SUPPLIED DATA:
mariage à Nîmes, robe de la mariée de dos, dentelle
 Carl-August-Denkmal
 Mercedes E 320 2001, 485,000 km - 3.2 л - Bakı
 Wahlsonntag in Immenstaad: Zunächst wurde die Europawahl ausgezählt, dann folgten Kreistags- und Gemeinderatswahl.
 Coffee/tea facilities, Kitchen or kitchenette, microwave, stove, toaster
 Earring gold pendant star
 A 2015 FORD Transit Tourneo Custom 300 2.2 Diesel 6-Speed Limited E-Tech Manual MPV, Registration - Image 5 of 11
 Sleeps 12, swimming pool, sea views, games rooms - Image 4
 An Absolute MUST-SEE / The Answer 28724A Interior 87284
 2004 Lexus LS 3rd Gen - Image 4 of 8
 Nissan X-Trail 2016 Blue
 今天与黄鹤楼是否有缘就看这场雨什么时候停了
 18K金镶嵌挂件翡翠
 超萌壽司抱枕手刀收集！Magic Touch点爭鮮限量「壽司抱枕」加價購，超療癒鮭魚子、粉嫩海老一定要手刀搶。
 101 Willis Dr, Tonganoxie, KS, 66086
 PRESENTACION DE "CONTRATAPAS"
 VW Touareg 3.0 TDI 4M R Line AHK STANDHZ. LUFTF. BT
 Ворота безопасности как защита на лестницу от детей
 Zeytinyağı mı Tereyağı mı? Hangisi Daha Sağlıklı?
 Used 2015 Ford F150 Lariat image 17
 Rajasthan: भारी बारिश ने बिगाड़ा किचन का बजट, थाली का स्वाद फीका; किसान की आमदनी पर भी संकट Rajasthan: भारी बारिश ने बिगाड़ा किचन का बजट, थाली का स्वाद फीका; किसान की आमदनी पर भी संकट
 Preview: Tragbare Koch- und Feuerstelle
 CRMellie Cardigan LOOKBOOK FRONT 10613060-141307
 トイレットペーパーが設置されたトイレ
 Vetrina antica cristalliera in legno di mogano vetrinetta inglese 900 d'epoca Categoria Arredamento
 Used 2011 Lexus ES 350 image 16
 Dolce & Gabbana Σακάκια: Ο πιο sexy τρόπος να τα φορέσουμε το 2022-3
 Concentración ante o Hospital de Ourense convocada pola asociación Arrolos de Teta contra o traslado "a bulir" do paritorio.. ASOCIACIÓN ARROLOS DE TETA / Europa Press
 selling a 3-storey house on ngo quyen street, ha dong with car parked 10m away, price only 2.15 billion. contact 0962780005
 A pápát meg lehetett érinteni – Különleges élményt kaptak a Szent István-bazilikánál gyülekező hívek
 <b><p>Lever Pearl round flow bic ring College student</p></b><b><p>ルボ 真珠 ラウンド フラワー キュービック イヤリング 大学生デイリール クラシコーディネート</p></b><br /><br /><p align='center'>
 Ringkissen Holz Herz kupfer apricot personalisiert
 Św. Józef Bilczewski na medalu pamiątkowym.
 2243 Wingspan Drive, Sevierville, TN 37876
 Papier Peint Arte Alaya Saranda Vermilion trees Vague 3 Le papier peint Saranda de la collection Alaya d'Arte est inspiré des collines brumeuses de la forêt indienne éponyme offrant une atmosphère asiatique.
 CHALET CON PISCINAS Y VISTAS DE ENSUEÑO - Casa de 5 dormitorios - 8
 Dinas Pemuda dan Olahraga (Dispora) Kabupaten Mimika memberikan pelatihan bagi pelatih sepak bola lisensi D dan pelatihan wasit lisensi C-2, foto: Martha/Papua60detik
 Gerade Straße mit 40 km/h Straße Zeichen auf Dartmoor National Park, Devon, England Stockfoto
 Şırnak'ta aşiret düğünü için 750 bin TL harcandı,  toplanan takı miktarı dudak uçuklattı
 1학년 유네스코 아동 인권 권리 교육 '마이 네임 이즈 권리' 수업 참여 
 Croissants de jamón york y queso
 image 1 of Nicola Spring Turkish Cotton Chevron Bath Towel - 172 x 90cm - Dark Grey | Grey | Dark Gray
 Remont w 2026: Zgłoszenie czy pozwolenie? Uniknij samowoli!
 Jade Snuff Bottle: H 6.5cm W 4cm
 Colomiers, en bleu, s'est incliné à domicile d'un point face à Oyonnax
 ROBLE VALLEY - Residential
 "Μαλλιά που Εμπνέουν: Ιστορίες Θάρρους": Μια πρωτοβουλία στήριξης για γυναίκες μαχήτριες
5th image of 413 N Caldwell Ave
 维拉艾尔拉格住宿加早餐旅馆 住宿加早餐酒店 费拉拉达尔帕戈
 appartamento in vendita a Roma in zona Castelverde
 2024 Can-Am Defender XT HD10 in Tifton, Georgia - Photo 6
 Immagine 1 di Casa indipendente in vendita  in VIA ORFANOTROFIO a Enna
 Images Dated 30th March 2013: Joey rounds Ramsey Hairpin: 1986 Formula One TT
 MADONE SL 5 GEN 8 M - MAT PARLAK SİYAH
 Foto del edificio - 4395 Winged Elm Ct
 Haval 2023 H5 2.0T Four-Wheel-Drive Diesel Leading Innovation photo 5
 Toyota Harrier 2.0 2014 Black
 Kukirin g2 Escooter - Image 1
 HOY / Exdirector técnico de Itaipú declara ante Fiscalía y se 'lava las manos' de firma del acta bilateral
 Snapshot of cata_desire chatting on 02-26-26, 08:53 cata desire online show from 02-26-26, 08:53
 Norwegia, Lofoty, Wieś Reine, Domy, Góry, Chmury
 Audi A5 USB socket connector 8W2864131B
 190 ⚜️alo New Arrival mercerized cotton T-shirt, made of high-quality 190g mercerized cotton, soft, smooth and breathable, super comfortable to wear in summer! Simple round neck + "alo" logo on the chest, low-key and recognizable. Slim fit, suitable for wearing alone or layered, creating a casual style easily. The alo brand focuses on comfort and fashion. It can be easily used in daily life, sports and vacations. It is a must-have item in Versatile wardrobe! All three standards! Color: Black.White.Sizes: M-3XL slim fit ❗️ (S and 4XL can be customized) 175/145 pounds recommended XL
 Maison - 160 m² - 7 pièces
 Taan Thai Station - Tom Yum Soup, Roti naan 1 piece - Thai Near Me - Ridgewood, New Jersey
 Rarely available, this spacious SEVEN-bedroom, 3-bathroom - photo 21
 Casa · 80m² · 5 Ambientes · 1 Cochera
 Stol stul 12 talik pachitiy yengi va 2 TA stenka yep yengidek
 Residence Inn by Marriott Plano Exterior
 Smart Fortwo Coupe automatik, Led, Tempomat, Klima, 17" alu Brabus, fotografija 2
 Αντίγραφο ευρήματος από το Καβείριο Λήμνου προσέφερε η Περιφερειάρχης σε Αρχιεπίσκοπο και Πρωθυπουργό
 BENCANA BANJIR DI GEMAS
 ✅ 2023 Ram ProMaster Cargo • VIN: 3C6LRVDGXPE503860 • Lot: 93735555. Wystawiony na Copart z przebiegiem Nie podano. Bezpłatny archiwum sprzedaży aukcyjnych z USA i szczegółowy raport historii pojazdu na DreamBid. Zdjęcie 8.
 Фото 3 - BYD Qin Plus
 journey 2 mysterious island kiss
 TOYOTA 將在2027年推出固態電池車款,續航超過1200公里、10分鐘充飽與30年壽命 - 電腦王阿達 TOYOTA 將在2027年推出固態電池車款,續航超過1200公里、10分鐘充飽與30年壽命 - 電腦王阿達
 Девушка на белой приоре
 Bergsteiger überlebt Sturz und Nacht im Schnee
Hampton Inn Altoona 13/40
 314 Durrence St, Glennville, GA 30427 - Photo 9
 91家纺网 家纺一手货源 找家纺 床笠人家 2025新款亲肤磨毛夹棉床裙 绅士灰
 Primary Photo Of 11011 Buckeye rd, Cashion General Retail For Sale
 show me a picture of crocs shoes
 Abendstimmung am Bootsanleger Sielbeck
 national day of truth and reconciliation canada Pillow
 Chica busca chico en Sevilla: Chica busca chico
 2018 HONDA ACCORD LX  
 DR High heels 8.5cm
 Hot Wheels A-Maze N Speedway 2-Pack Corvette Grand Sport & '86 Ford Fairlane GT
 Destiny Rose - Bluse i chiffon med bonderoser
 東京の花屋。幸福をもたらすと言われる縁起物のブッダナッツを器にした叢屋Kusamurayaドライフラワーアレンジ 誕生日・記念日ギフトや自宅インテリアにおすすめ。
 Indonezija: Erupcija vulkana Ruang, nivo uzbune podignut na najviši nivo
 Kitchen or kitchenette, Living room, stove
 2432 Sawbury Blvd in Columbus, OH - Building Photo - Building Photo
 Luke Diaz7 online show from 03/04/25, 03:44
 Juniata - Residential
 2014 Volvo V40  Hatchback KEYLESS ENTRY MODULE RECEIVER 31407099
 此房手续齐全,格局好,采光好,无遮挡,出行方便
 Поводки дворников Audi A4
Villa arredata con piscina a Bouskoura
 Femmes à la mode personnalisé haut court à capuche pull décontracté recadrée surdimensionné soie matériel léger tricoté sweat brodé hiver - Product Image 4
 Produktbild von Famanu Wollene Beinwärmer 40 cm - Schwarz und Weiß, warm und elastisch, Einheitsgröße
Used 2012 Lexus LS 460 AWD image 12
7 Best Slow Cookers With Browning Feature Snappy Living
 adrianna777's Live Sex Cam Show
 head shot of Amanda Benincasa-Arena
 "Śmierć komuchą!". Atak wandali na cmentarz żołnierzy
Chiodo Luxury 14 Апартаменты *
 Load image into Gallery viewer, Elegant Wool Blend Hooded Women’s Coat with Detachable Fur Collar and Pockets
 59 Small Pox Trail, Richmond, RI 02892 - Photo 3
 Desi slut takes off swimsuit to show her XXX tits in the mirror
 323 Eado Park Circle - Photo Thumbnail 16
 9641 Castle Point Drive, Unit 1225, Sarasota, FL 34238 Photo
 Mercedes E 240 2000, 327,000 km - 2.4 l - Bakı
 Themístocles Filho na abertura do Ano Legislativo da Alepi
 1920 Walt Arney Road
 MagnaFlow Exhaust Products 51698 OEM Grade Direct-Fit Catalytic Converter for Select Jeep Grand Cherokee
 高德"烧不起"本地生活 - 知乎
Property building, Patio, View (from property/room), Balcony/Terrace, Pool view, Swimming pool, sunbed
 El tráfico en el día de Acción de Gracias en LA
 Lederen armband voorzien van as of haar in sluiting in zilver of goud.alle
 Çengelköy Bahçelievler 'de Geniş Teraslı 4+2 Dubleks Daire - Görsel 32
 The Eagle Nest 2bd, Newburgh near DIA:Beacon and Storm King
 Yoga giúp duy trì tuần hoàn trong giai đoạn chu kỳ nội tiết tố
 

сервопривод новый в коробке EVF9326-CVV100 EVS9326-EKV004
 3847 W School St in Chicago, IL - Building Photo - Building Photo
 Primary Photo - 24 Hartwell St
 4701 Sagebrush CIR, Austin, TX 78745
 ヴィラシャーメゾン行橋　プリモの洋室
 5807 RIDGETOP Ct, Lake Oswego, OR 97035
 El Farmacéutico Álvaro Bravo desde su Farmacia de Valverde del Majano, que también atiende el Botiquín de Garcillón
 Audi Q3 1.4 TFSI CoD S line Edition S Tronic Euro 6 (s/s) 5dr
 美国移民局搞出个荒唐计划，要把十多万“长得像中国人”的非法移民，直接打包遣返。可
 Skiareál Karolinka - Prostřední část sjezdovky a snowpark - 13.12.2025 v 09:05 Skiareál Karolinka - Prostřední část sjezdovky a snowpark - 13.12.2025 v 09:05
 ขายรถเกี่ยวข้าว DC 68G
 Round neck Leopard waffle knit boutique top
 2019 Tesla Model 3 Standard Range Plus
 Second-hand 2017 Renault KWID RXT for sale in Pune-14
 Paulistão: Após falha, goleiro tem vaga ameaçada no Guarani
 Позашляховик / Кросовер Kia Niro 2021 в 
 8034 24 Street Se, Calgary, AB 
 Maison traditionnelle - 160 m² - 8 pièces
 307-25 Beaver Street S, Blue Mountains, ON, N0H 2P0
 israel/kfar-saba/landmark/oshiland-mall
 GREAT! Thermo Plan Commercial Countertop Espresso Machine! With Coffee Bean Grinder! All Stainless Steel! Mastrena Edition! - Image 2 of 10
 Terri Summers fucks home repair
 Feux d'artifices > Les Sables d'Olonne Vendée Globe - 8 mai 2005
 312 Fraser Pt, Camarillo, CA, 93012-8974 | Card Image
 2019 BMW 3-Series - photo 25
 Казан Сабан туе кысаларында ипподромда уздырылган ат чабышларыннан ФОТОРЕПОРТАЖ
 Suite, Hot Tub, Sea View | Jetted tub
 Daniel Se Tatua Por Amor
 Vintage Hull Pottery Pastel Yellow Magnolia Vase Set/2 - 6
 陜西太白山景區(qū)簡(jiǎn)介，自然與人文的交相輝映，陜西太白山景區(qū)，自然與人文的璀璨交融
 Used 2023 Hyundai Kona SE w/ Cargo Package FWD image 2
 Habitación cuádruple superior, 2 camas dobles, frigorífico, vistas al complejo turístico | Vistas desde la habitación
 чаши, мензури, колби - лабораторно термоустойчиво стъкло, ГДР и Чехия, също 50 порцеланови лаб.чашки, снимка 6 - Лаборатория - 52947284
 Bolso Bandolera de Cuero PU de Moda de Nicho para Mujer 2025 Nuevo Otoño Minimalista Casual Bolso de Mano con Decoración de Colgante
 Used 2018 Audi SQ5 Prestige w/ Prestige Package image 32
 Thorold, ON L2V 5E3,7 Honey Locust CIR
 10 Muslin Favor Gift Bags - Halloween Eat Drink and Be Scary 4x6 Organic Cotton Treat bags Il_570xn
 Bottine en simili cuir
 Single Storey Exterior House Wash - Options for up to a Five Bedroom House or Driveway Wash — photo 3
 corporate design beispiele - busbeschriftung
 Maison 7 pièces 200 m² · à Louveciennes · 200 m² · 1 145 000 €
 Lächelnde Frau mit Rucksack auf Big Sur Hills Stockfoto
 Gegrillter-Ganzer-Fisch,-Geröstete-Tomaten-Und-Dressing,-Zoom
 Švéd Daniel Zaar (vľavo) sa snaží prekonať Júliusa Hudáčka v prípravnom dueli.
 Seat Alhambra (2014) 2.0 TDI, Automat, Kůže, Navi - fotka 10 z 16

WHAT TO PRODUCE: Only the lines above from the line containing "Jade Snuff Bottle: H 6.5cm W 4cm" through the line containing "Immagine 1 di" should be retyped, exactly and with both ends included.

YOUR SOLUTION:
 Jade Snuff Bottle: H 6.5cm W 4cm
 Colomiers, en bleu, s'est incliné à domicile d'un point face à Oyonnax
 ROBLE VALLEY - Residential
 "Μαλλιά που Εμπνέουν: Ιστορίες Θάρρους": Μια πρωτοβουλία στήριξης για γυναίκες μαχήτριες
5th image of 413 N Caldwell Ave
 维拉艾尔拉格住宿加早餐旅馆 住宿加早餐酒店 费拉拉达尔帕戈
 appartamento in vendita a Roma in zona Castelverde
 2024 Can-Am Defender XT HD10 in Tifton, Georgia - Photo 6
 Immagine 1 di Casa indipendente in vendita  in VIA ORFANOTROFIO a Enna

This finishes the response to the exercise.